Nampa Schools will face music minus Superintendent Michaelson

Thomas Michaelson, a man with 30 years of “superintendency” experience moved to Nampa to retire after a career of service that included righting the financial situations of troubled schools in California.

Before he could even stretch out and take a deep breath he was recruited by the Nampa School District to fix a neglected operating mess that literally grew by the millions with every probe he made into the books when he came on in November of 2012.

Though there was plenty of blame to go around involving action and inaction by the previous superintendent and a trustee board that was mostly asleep at the wheel, Michaelson got down to business and began to fix a $5.1 million deficit and reset spending patterns that otherwise would soon create another.

His moves inflicted organizational pain and there was certainly more on order to dig the district out of an overall $8 million hole. Because past administrators and the present trustees had failed to recognize and deal with the disastrous finances, Michaelson persevered doing it for them.

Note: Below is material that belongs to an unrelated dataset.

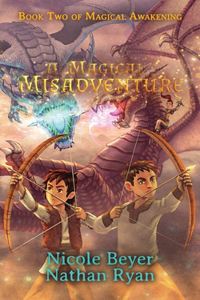 Magical Misadventure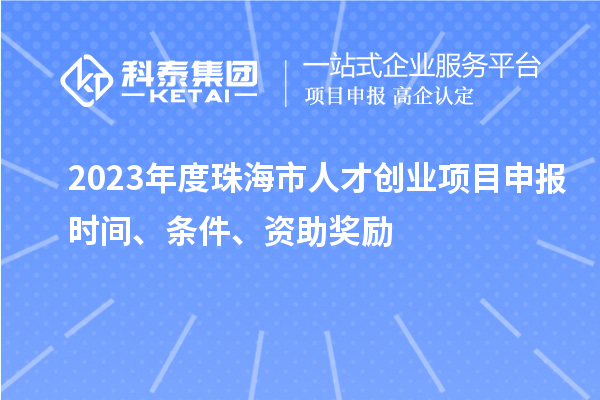 2023年度珠海市人才創(chuàng)業(yè)項(xiàng)目申報(bào)時(shí)間、條件、資助獎(jiǎng)勵(lì)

Tuesday some naive members of the Nampa community and the five trustees — two of whom are seeking re-election next Tuesday — found someone new to blame for their ineptness.

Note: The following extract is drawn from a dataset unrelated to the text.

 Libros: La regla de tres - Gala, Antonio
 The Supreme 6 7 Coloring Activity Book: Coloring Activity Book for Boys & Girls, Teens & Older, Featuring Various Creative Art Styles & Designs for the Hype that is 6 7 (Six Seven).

Among other issues, perhaps, they could not stomach Michaelson’s teacher reduction plan — which heavily targeted physical education and music teachers — because, well, “trustees said music and physical education were too important to children’s education to have the staffing reduced by about half,” according to the Statesman summation of Tuesday night’s Nampa School District board meeting.

We are not privy to discussions between Michaelson and trustees (Michaelson is not answering his phone or responding to our attempts to reach him) in sessions prior to the board meeting, but we have learned that Michaelson’s last day as Superintendent will be Thursday, May 30.

Brian McGourty, a Nampa optometrist who is a former Nampa Schools trustee and who is running for a seat in next Tuesday’s election, has spoken to Michaelson. Though he declined to share details of their conversation, McGourty did unload on the trustees.

“The Board  has trouble stepping up to the plate and making tough decisions. It is why we are in the mess we are in,” said McGourty, who was the chairman of the superintendent search committee that discovered Michaelson and ultimately lured him out of retirement. “The Board failed to recognize the impact of this type of an action. They failed to recognize the message to the community that we’re on the threshold of electing trustees. . . and to not allow a new board to consider leadership of the district — that is an abuse of their authority. ”

Whether Michaelson resigned or whether his contract was simply not renewed will be lost in all the noise that soon will befall the district sans the man who was trying to fix it. We hope a new group of trustees — which includes McGourty — will have the spine to face the music of the hard times to come.

We wish Michaelson the best as he resumes his retirement.